Before choosing who to ask, I ask myself if the person might have something to gain or lose from giving me true or falsified information.

If, for instance, I asked a taxi driver where I should go to find a bus to the next town, he would dissuade me from taking a bus and persuade me to hire his taxi to go all the way instead, for 5 times the price. He might lie and say the last bus just left and your only chance of getting there on the same day is to hire his taxi.

Since asking around puts you in a vulnerable position, it is best to ask multiple people the same questions.

Oftentimes, you’ll be faced with the decision to take a bus or a van to go over long distances. Make your way to the local bus terminal and ask around for which bus goes to where you’re going. Take note that some cities have more than one bus terminal, so make sure you start your trip in the right one.

Two things to ask about said bus: “How much will it cost?” and “How many hours will it take to get there?” Next, ask if there are any vans that go through same route, then ask the same two questions. With that information, you’ll be better prepared to decide whether you’d rather take a bus or a van.

Van to Kalibo. (Photo not mine)

The bus and van destinations are written on a piece of paper or wood and displayed on the dashboard for everyone to see. Your particular destination may not appear on the dashboard if the vehicle is going farther than your destination or is stopping by a bigger town or city on its way to your destination. Always ask the driver if he’s going to your destination to double check you’ve chosen the right vehicle.

Take a last supply run for water, snacks and relieve yourself in the toilet (AKA the rest room, the bathroom, comfort room or simply the C.R.). Long-distance trips will usually have a stop over to pee and buy snacks every 3 hours, and usually a longer break for a meal. If your bladder is at tipping point before then, don’t be shy and tell the driver so he can stop at the next possible toilet, banana cluster or rice field for you.

For buses, you don’t pay until the bus conductor (sometimes not in uniform) approaches you with a puncher and ticket and asks you where you’re going. This doesn’t happen until the bus is out of the city limits and everyone has settled down.

Sometimes he asks with a barely audible “Saan ka?” which translates to, in this context, “Where to?” Other times, he implies the question with a simple eyebrow raise in unison with a slight head tilt backwards, which, I imagine, would leave most foreigners confused. Once you give him your destination, he will punch in his ticket the date and the price of your trip. If you can’t read it (it takes some time to get used to), just ask him how much and pay him on the spot.

For vans, you don’t pay until you get off at your stop. While vans save you a lot of time, they pack you in each row incredibly tight like a can of… sauasges. In most cases, the van will leave your body sore because you won’t be able to stretch even a bit during the ride. Leg room is suitable for 5 ft 6 in (165cm) and below. Any taller and you’d wish you took the bus. Best row to take would be the 2nd row, the one right behind the driver: most bang for buck in leg room, luggage and breathing space.

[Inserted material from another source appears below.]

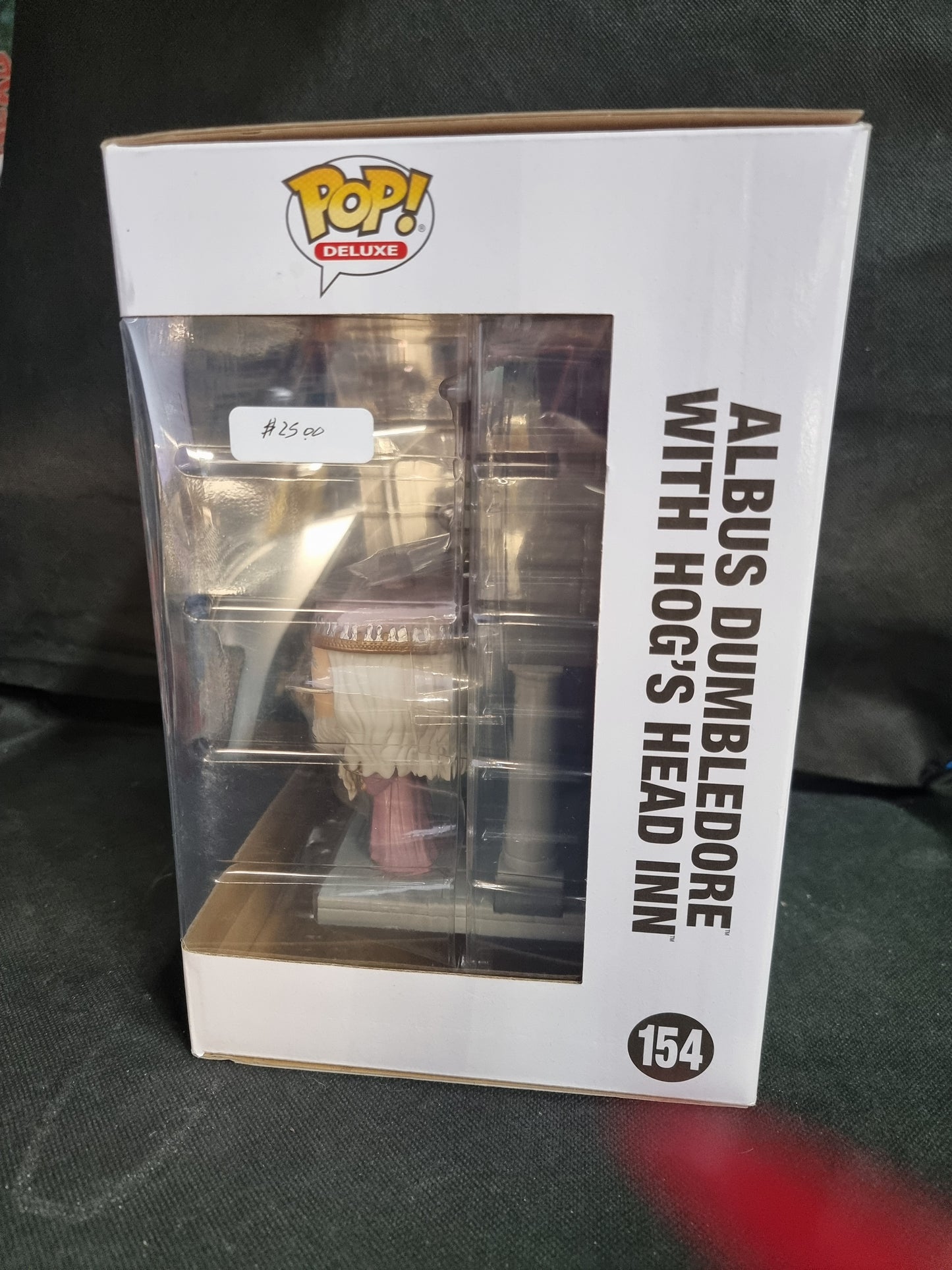 FUNKO DELUXE HARRY POTTER ALBUS DUMBLEDORE WITH HOG'S HEAD INN #154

The vans that travel large distances in most of the country do not carry passenger bags on the roof, unless you are in heavily saturated backpacker territory. If so, run the other way, as prices in these areas are sometimes trippled to make (and take) the most of (from) these high-income travelers.

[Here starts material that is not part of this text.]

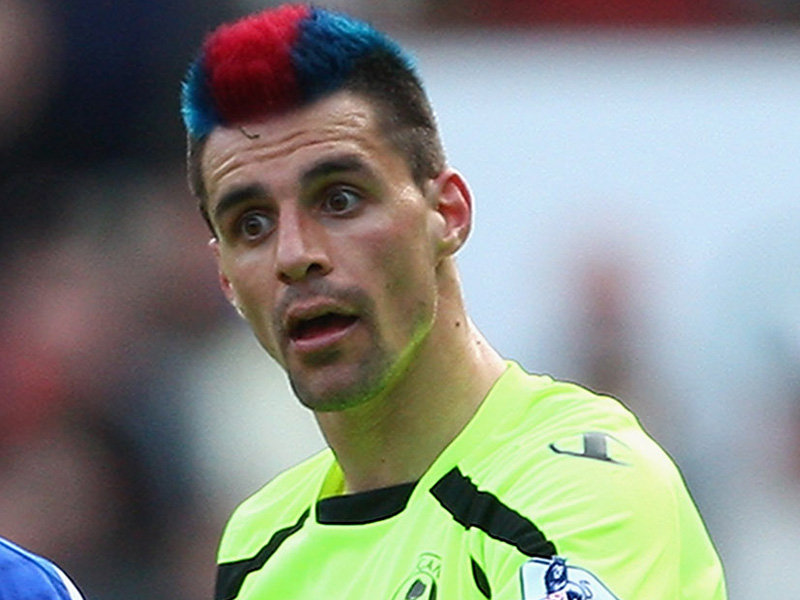 Blog FUAD Informasi Dikongsi Bersama Some Crazy Haircut In Football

So another word of advice, if you have many things with you, take the bus. I have been charged for an extra seat to put my bags beside me in a van.

Buses and vans are an excellent opportunity to break a big bill, i.e., the dreaded P1,000 note that no one seems to accept in small establishments. Buses stop more often, carry more passengers (obviously), and are much cheaper than vans. Vans will get you to your destination about 60% to 80% faster than buses.

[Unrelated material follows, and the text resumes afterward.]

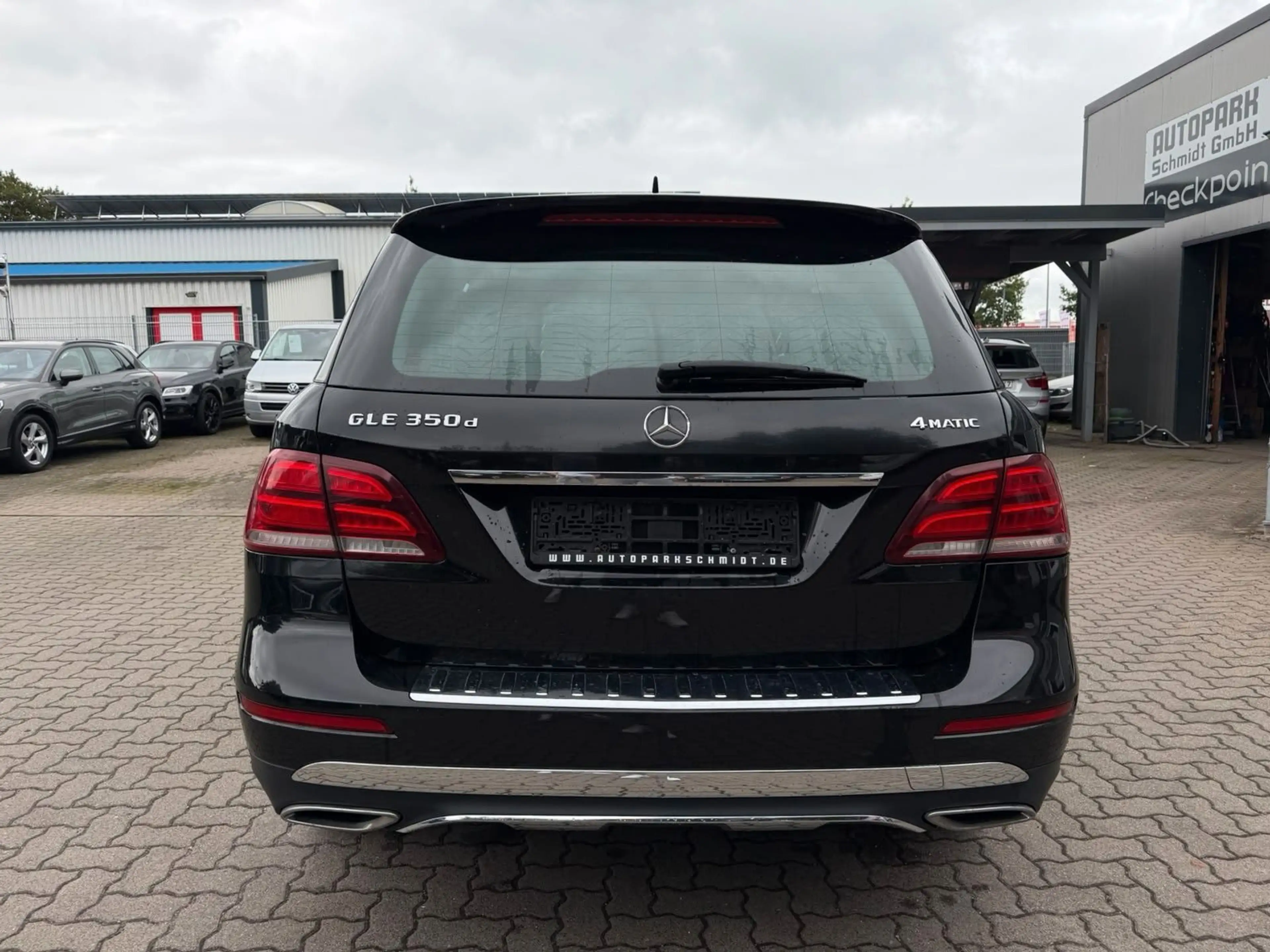 Mercedes-Benz GLE 350 d 4Matic T-LEDER°SZHG°AHK°LED°TEMPOM°MFLR — photo 8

The P1,000 bill is the light blue one on top. Be careful, almost similar in color is the P100 bill. (image not mine)

Depending on the demand for each route, sometimes a bus or van will only travel once a day, so it’s always best to schedule to move early in the morning. The frustration of missing the only trip for the day onward by a few minutes is laughable.

If you’ve decided to visit a small town off the beaten path, moving on would mean you have to wait along the side of the highway at a certain time to catch a bus or a van en route. Asking the locals what time this is is key to travel efficiency, and like I’ve mentioned, it’s best practice to ask more than one person.

Thinking of taking multiple flights within the country in your month-long trip? Take the slower but cheaper way, if you have time! Boats between islands operate under the same systems and are slightly more organized than buses. So if you’ve mastered buses, long boat trips are a breeze!

Only have a weekend off? Don’t want to drive? Take a night bus on a Friday to La Union, Baler, Zambales – learn to surf or just chill on the beach – and then get back home in time for the Monday blues all over again.

It’s cheap, it’s simple, it’s fun! Spend like a local, travel like a local. 

Bangka, a short-distance boat made of wood and bamboo. (photo not mine)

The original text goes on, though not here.